This topic describes how to execute a SELECT statement to query data in ApsaraDB for ClickHouse.
The following sample code shows the syntax of a SELECT statement:
SELECT [DISTINCT] expr_list [FROM [db.]table | (subquery) | table_function] [FINAL] [SAMPLE sample_coeff] [ARRAY JOIN ...] [GLOBAL] ANY|ALL INNER|LEFT JOIN (subquery)|table USING columns_list [PREWHERE expr] [WHERE expr] [GROUP BY expr_list] [WITH TOTALS] [HAVING expr] [ORDER BY expr_list] [LIMIT [n, ]m] [UNION ALL ...] [INTO OUTFILE filename] [FORMAT format] [LIMIT n BY columns]
All clauses are optional, except for the required list of expressions (expr_list) after SELECT. The following sections of this topic describe some of the clauses. For more information about the clauses, see the SELECT Query topic of the open source ClickHouse documentation.

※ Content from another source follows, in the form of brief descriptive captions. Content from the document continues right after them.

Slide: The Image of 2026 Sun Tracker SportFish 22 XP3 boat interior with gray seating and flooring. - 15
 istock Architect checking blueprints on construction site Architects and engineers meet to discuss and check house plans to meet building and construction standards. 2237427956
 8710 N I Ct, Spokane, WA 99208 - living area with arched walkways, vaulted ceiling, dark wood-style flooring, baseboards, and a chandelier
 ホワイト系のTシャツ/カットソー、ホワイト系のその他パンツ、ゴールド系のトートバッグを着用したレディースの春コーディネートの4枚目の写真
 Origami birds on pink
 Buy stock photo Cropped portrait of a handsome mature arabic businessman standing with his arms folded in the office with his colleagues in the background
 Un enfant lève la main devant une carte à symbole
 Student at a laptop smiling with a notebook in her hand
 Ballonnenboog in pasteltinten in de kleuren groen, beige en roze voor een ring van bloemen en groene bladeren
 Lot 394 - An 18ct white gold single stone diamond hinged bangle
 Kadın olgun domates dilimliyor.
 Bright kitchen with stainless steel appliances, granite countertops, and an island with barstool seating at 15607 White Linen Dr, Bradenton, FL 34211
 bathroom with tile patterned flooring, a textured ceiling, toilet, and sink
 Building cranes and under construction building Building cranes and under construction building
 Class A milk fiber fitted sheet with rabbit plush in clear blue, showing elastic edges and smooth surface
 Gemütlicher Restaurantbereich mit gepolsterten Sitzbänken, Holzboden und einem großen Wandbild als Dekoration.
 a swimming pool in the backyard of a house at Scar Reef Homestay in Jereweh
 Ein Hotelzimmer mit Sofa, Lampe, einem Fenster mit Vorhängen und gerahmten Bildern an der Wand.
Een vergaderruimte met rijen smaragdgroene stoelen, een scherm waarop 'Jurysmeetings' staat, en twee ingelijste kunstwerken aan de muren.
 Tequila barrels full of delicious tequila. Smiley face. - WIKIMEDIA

The following sample code provides a simple SELECT query statement:
SELECT OriginCityName, DestCityName, count(*) AS flights, bar(flights, 0, 20000, 40) FROM ontime_distributed WHERE Year = 1988 GROUP BY OriginCityName, DestCityName ORDER BY flights DESC LIMIT 20;
You can use the SAMPLE clause in SELECT statements to perform approximate queries. Approximate queries are supported only for MergeTree tables. To perform approximate queries on a table, you must specify a sampling expression when you create the table.
The syntax of the SAMPLE clause is SAMPLE k, where k can be a decimal number from 0 to 1 or a large positive integer.
When k is a decimal number from 0 to 1, the query uses k as a percentage to select sample data. For example, if the SAMPLE clause is SAMPLE 0.1, the query retrieves 10% of the data. When k is a large positive integer, the query uses k as the maximum number of rows of sample data. For example, if the SAMPLE clause is SAMPLE 10000000, the query retrieves up to 10,000,000 rows of data as sample data.
The following sample code provides examples on how to manage resource queues:
SELECT Title, count() * 10 AS PageViews FROM hits_distributed SAMPLE 0.1 WHERE CounterID = 34 AND toDate(EventDate) >= toDate('2013-01-29') AND toDate(EventDate) <= toDate('2013-02-04') AND NOT DontCountHits AND NOT Refresh AND Title != '' GROUP BY Title ORDER BY PageViews DESC LIMIT 1000;
In this example, k is 0.1 and the query retrieves 10% of the data. However, the query does not automatically verify the aggregation results. To ensure the precision of query results, the result of the count() function is multiplied by 10.
When you perform an approximate query by specifying a large positive integer in the SAMPLE clause, neither information about which data is processed nor the number by which the result of the count() function needs to be multiplied is specified. Therefore, in some scenarios, a large positive integer may not be a suitable value for k in the SAMPLE clause.
The SAMPLE clause consistently works for tables. If all the data of a table can be queried and you use the same sample rate to perform approximate queries, the query results are the same. The condition is that the sampling expression of the table remains unchanged. In other words, the SAMPLE clause samples data the same way regardless of the time when the query is performed, the server on which the query is performed, and the table to be queried.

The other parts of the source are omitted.